The current contracts with Puna Geothermal Venture (PGV), Hawi Renewable Development (HRD), and Wailuku River Hydroelectric (WRH) are long-term “avoided cost” contracts with adjustable rates that are tied to oil prices and that fluctuate monthly. Amended contracts were recently filed with the Public Utilities Commission (PUC) for approval.
Based on today’s rates, a typical residential customer using 500 kilowatts could see savings ranging from $9 to $13 per month. The amount of savings and the timing depends on when PGV and HRD expand their output, which is expected in 2026; the majority of savings will come from the amended PGV contract.
($13 x 12 = $156/yr x 30 years = $4,680 you paid for this scam)
If the PGV expansion is approved, at least 65% of the island’s energy would be generated by renewable resources by 2026.
“We’ve been working hard with our independent power producers to amend these contracts to provide substantial benefits to our customers on Hawaii Island,” said Rebecca Dayhuff Matsushima, Hawaiian Electric’s vice president of resource procurement. “Benefits include bill savings, stabilized energy rates, more renewable energy and reliability, and decreased fossil fuel consumption and greenhouse gas emissions.
“This is significant because more than half the island’s energy is generated by independent power producers and more than half the electric rate covers fuel and purchased power. These amended contracts have lower cost, fixed pricing delinked from volatile oil prices.”
The four original contracts were negotiated in the 1990s and 2000s when laws required utilities to buy energy from renewable energy producers at “avoided cost” – avoiding the use of oil but paying the same rate.
Avoided cost was seen as an incentive to developers to build renewable energy projects. Today, the market for renewable energy is highly competitive and the law no longer requires avoided cost contracts.
In March 2022, the PUC conditionally approved the Puna Geothermal Venture contract, which would increase the output of the plant and reduce the amount Hawaiian Electric pays for the electricity it produces. The contract is subject to an environmental review and PGV recently submitted a draft Environmental Impact Statement to the County of Hawaii.
A first amendment to the 25-year contract was filed in April 2023 and includes an updated in-service date of September 2026. The facility would be repowered with modern, more efficient generating equipment and provide up to 46 megawatts to the grid.
An amended contract with Hawi Renewable Development, which produces electricity from wind, was filed in December 2021. A first amendment to the 20-year contract was filed in January 2023 and includes modifications to upgrade and repower the facility to provide up to 34 megawatts.
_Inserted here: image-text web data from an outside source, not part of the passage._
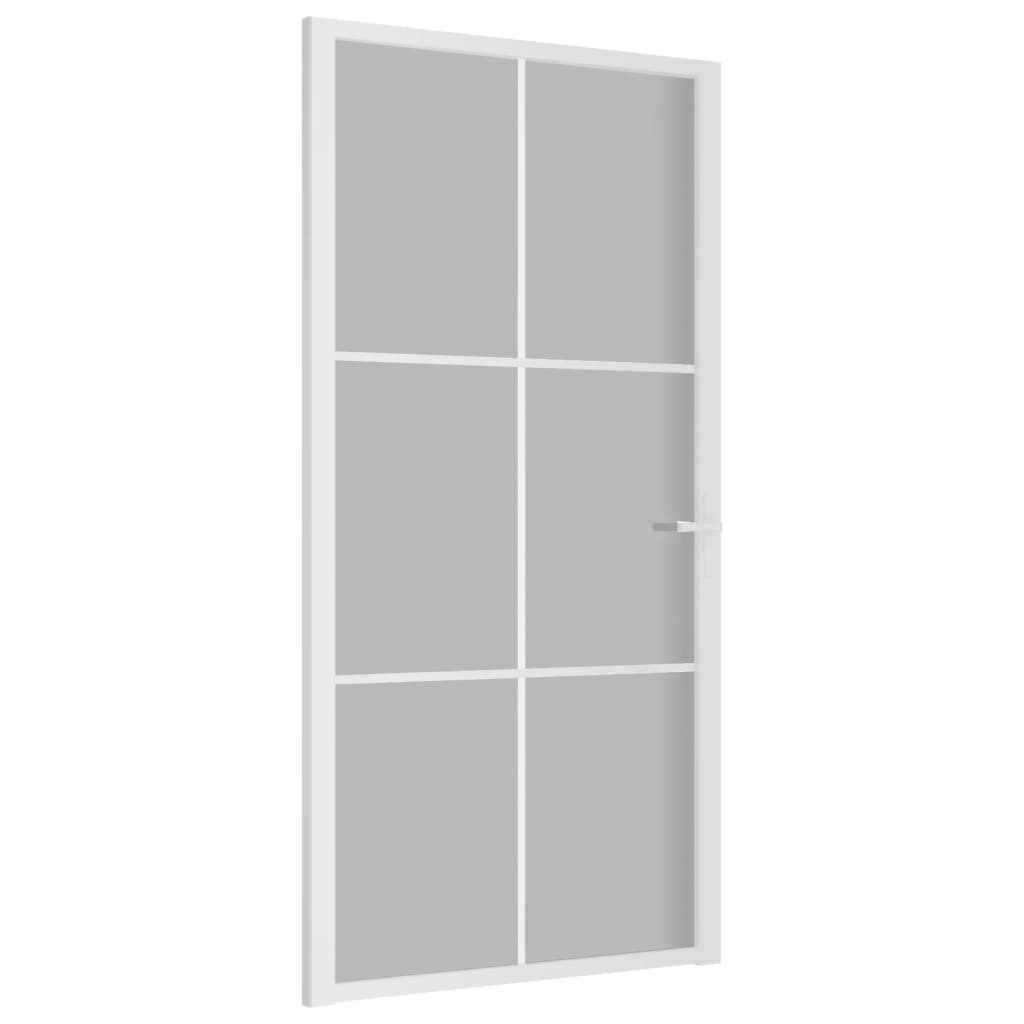 VIDAXL Innenür 102,5x201,5 cm Mattglas und Aluminium weiß
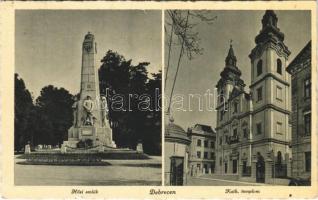 1943 Debrecen, Hősök szobra, emlékmű, Római katolikus templom (EK)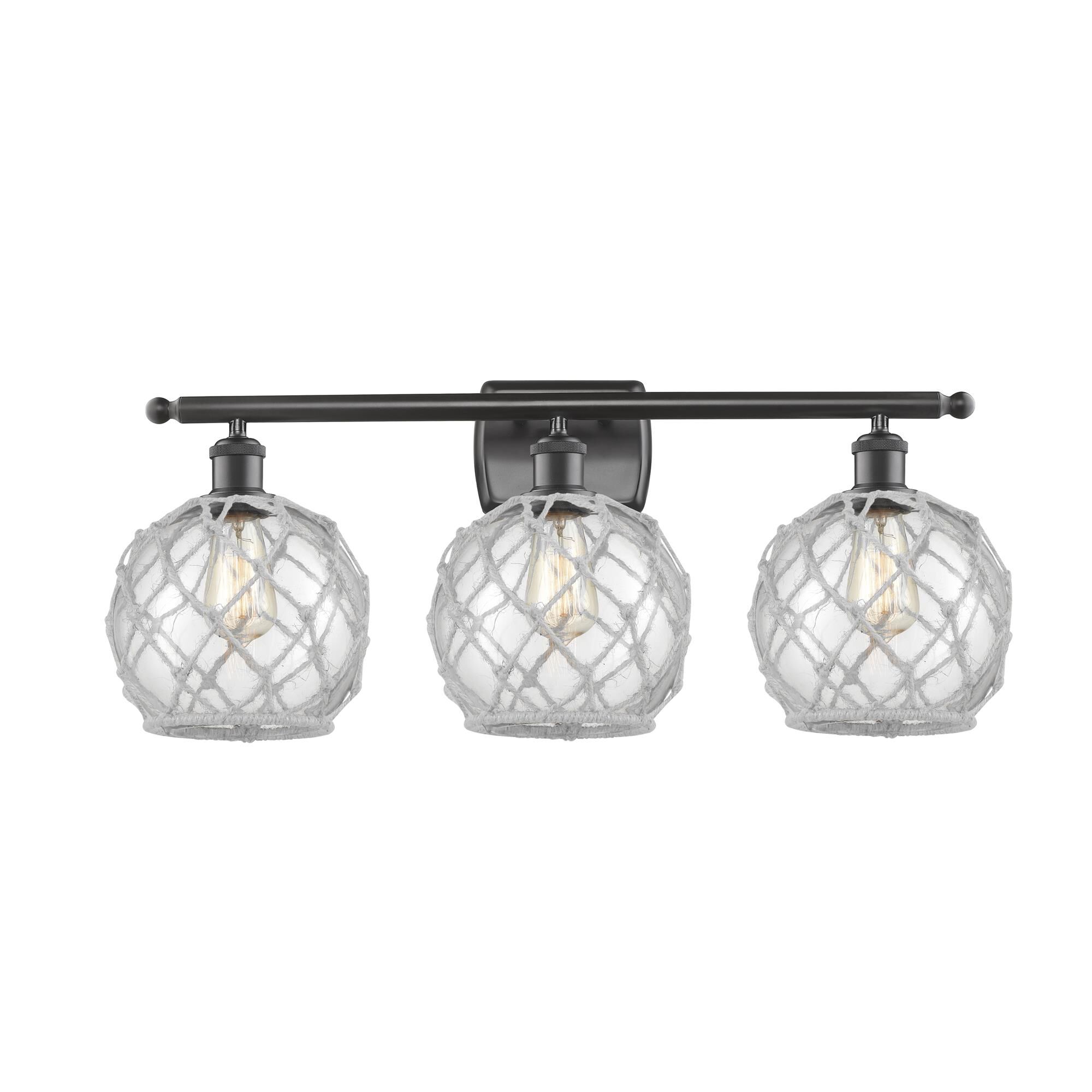 Shown in Oil Rubbed Bronze finish and Clear glass and White Rope accent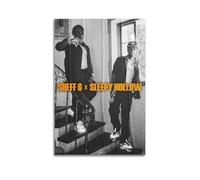 Sheff G X Sleepy Hollow - Stampa artistica da parete su tela con copertina autografata in edizione limitata, copertina dell'album musicale, pop hip hop, cantante rap, star, decorazione artistica da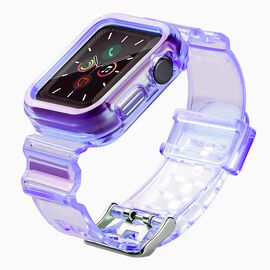 Silicone Band Strap Bracelet Case Strap Light Set for Apple Watch 38mm - Purple | Techbox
It currently provides up to 11 megawatts to the grid.
Regulators are reviewing a second amendment to the existing Wailuku River Hydroelectric contract, which was extended while the amended contract is being reviewed. Until the amendment is approved, the 12-megawatt run-of-river facility is allowed to continue operations under the existing contract.
Customers could see bill savings from the hydroelectric contract as early as this summer. Savings also will depend on the island’s generation mix at the time and future oil prices. Projected savings are based on a comparison to current oil prices, which may increase or decrease in the future.
The remaining long-term avoided cost contract, Pakini Nui Wind Farm, expires in 2027.